Sejak kecil, Alin sangat dimanja oleh keluarganya. Alin benar-benar disayang dan dijaga. Apalagi oleh ketiga kakaknya, ia sangat dilindungi. Dulu Alin bangga diperlakukan seperti itu. Tapi sekarang, Alin benci dengan perlakuan itu. Dia merasa seperti kanak-kanak jika terus diperlakukan seperti itu. Apalagi dia tahu jika keluarganya memperlakukannya seperti itu, selain karena sayang, juga karena kondisinya.
Alin sering sekali merepotkan teman-temannya di sekolah. Karena kondisi fisiknya, Alin tidak bisa berjalan dengan kecepatan berjalan orang pada umumnya. Alin juga tidak bisa berlari. Bukannya tidak bisa, hanya saja ia tak mau. Karena kalau berlari, gerak Alin terlihat semakin aneh. Seperti bebek kalau menurut Alin sendiri. Alin sering meminta temannya untuk menungguinya ketika berjalan. Kadang ia juga meninta mereka agar tidak berjalan terlalu cepat. Beruntung Alin memiliki teman yang mau mengerti dirinya. Banyak teman-teman Alin yang mendekatinya hanya untuk memanfaatkan kepintaran Alin saja. Munurutnya, hanya Shila dan Zora yang mau berteman dengannya secara tulus.
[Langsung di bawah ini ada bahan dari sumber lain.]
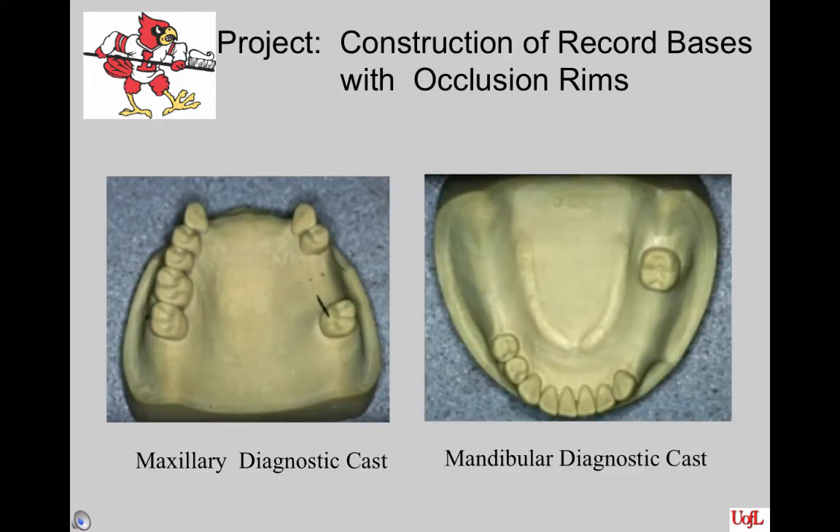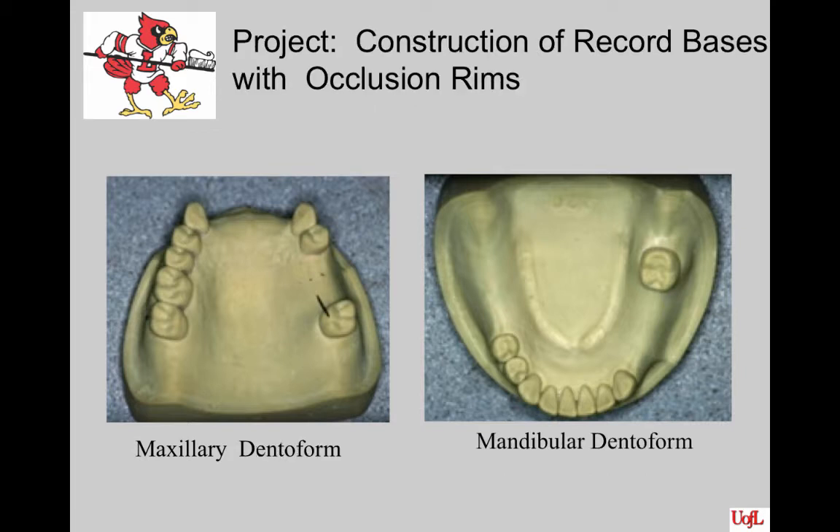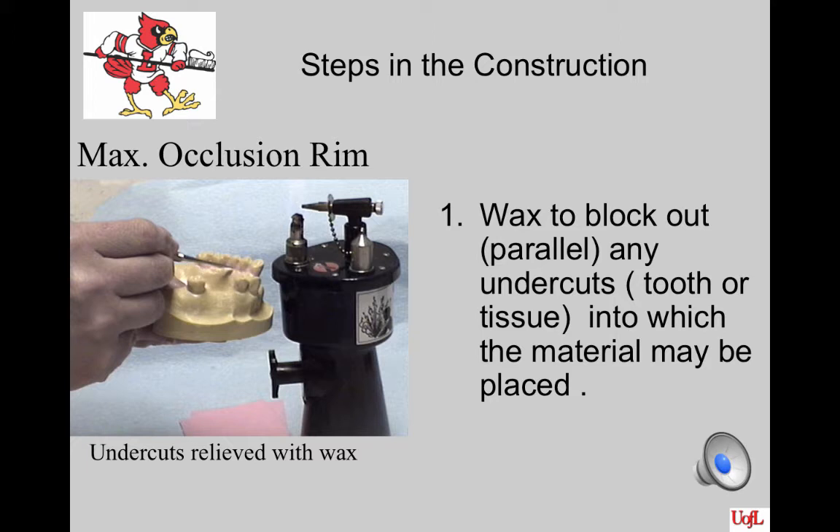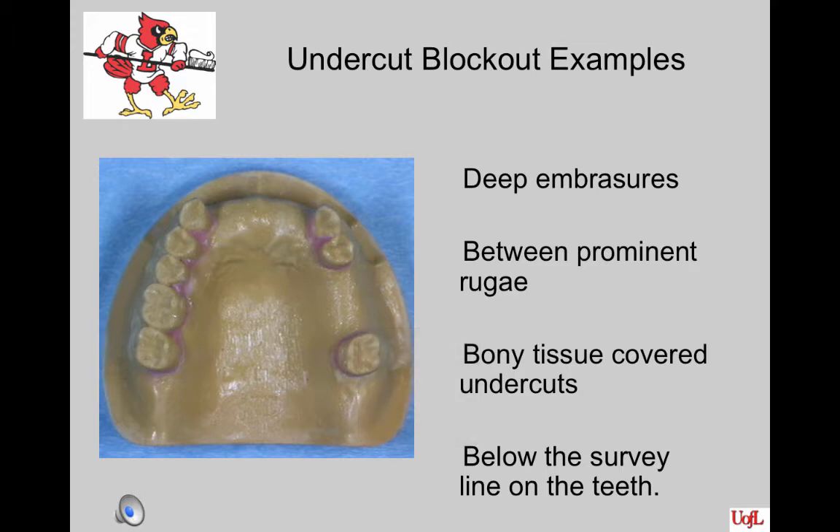What you need to work on for this project is your diagnostic cast made from your two denteforms. Before you begin, ideally you will survey the cast so that you can see the undercuts and then place the design of the record base on the cast. There are no rules other than that you want this base plate to be stable and you don't want it to move anteriorly, posteriorly, or laterally when making a jaw registration. Use base plate wax to block out parallel any undercuts — tooth or tissue — into which the material may be placed. Examples are deep embrasures, prominent rugae, bony tissue covered undercuts, and below the survey line on the teeth. Do not go above the survey line with your block out wax.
Shila dan Zora mengerti, sebenarnya Alin juga enggan seperti ini. Ia tidak mau terus-menerus merepotkan orang lain disekitarnya. Mereka tahu Alin juga belajar untuk memperbaiki ini semua. Belajar untuk lebih mandiri. Hanya saja, jarang ada orang yang menyadarinya.
“Lin udah dong, jangan nangis.” “Iya Lin udah, gak usah dengerin mereka.” “Disini masih ada kita. Kamu jangan sedih, udah ya nangisnya?”
Setelah kejadian di sekolah tadi, Alin benar-benar jengkel pada dirinya. Bodoh sekali! Pidato seperti itu saja dia tidak bisa, payah!
Alin memiliki perasaan gugup yang berlebihan jika dia berdiri ditempat yang menurutnya tidak nyaman. Hal itu membuat kakinya bergerar hebat saat berdiri. Itulah yang terjadi di sekolah ketika ia berpidato.
Alin ditunjuk untuk mengikuti lomba pidato antar kelas. Ia sudah berusaha menolaknya karena ia tahu hal ini akan terjadi. Namun tetap saja ibu kepala sekolah memaksanya ikut. Pada akhirnya apa yang ditakutkan Alin pun terjadi. Alin sangat malu. Ia ditertawakan satu sekolah. Alin langsung kabur pulang ke rumah setelah turun dari panggung, yang ternyata disusul oleh Shila dan juga Zora.
Sekarang ketiganya berada di kamar Alin…
Shila dan Zora masih berusaha menenagkan sahabatnya itu. Mereka tahu Alin pasti sangat malu. Tapi mereka yakin Alin pasti sudah berusaha sangat keras agar hal ini tidak terjadi.
“Shila.. Zora..” panggil Alin pelan disela tangisnya. “Iya?” “Aku segitu bodohnya sampai berdiri begitu saja aku tidak bisa ya?” Ujar Alin merutuki dirinya sendiri. Shila dan Zora termangu mendegar ucapan sahabat mereka.
“Lin kamu jangan bilang gitu. Kamu hebat kok. Jangan dengerin mereka. Mereka gak tahu seberapa besar perjuangan kamu. Mereka cuma bisa ngatain doang tanpa tahu yang sebenarnya.” “Benar apa kata Zora. Kamu gak usah peduliin mereka. Udah ya, jangan nangis lagi.”
Sekarang sebuah senyuman perlahan terukir di bibir Alin. Dia benar-benar beruntung memiliki sahabat seperti mereka. Disaat seperti ini, mereka tetap ada disampignya dan menghibur dirinya.
“Terima kasih, teman-teman.” Kata Alin seraya memeluk kedua sahabatnya. Dia berjanji dalam hati untuk terus berusaha memperbaiki semuanya.